This Week in Religion: Revisionist History, the Hitler Card and Pat Robertson on Speed

Belief

If you are not a big fan of U.S. history, fear not, because the State of Texas may decide to rewrite American history and make it more, well, Christian.


The Texas Board of Education will vote whether or not to approve historical changes to its textbooks as put forward by Christian pseudo-historian David Barton. Among Barton’s proposed changes would be inflating the impact Judeo-Christian beliefs had among the founding fathers, a historical exclusion of most non-Christian religions, and using some offensive and outdated anthropological racial terms to describe African civilization

This comes months after a heated Texas Board of Education battle to remove evolution from science textbooks, which even led to board members attempting back-alley deals with book publishers.

The vote was originally scheduled for earlier in the week, but was delayed according to the Christian Science Monitor:

"The board, comprised of 10 Republicans and five Democrats, has asked publishers to make changes critics have demanded. Still, the board wasn’t able to get preliminary approval of the books, setting them up for a high-stakes final vote Friday, when the board will approve the books or else miss the deadline to get them to the state’s 1,000-plus school districts by September 2015."

These devastating changes could keep Texas students from gaining a proper social science education. This ruling could also apply to those states forced to buy the same books Texas orders. As the saying goes, as goes the leader so goes the nation.

Earlier this month, theoretical physicist Lawrence Krauss postulated that it could only take a single generation of critical thinkers to wipe out religious belief. Speaking at an event in Australia, Krauss said:

“People say, ‘Well, religion has been around since the dawn of man. You’ll never change that.’ But I point out that… this issue of gay marriage, it is going to go away, because if you have a child, a 13-year-old, they can’t understand what the issue is. It’s gone. One generation is all it takes.”

This caused Ray Comfort, a creationist and host of the online Christian talk show "The Comfort Zone," to go off the rails and compare Krauss to Adolf Hitler.

Comfort’s co-host Emeal Zwayne pointed out that Krauss does not seem to be a big fan of Christianity.

“Just the glee that he got from the thought of eradicating religion — and it’s not religion, he hates Christianity,” Zwayne said. “He hates Christ...."

“Hitler said some similar things.

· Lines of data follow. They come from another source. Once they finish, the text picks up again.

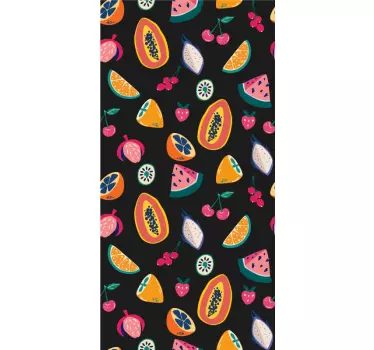 Multicolor fruits on black background fridge decals - TenStickers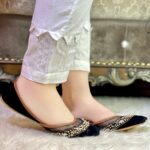 Black Net Khussa by SNF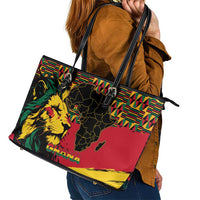 Ghana Lion Leather Tote Bag - Map & Coat of Arms Grunge Style Design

Hitler’s Youth,” Comfort replied.

“And that’s exactly what I was going to say it was reminiscent of,” Zwayne said to viewers. “Very, very terrifying, friends.”

Playing the Hitler card or Godwin’s Law, as it is also called, is usually a sign of a foundering argument. When you are backed against a wall and see no logical way out, playing the Hitler card is an attempt to demonize your opponent. You have to wonder if these radical Christians have finally realized that their back is against a wall and they cannot reason their way back into reality.

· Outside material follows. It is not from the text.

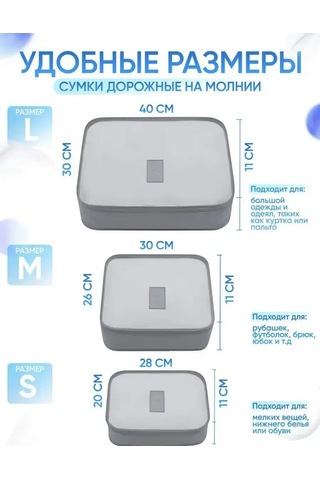 Organajzer Doroznyj Seyahat Organizatörü, Bavul Seti 170658683 Gri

The next time you get pulled over for speeding, tell the nice police officer God said it was OK with him. That is, according to Pat Robertson of the television ministry "The 700 Club."

When a viewer asked Robertson if her husband was sinning when he drove over the speed limit, the host replied: “You’re asking a guy that had a Corvette with a 430 horsepower engine, who is now driving a car that has about a 650 horsepower engine.” Robertson laughed. “Who also drove 30 laps around the Charlotte Motor Speedway in a stock car.”

“I don’t get tickets, I pay attention,” he continued. “But there was one night up in the mountains, when it wasn’t anybody around a four-lane highway late at night, and I did get that little bug up a little over 200mph.”

Robertson then corrected his statement, saying he was only doing 100mph (only the most exotic of sportscars can eclipse 200mph), and then continued to contemplate whether speeding was a sin.

“Is it a sin? I think it’s a sin to hurt somebody,” said Robertson. “I think it’s a sin to drive recklessly….If your driving imperils other people, you are sinning, there’s no question about it.”

Apparently, driving at illegal and possibly dangerous speeds is fine as long as you don’t hurt anyone. Which is equal to shooting a gun into a crowd of people and not hitting anyone. It’s not a sin unless you hit someone. And it’s not a sin if you’re the one who's imperiled.

Robertson closed the conversation by noting, “don’t imperil anybody else with the way you drive a car, and be careful.”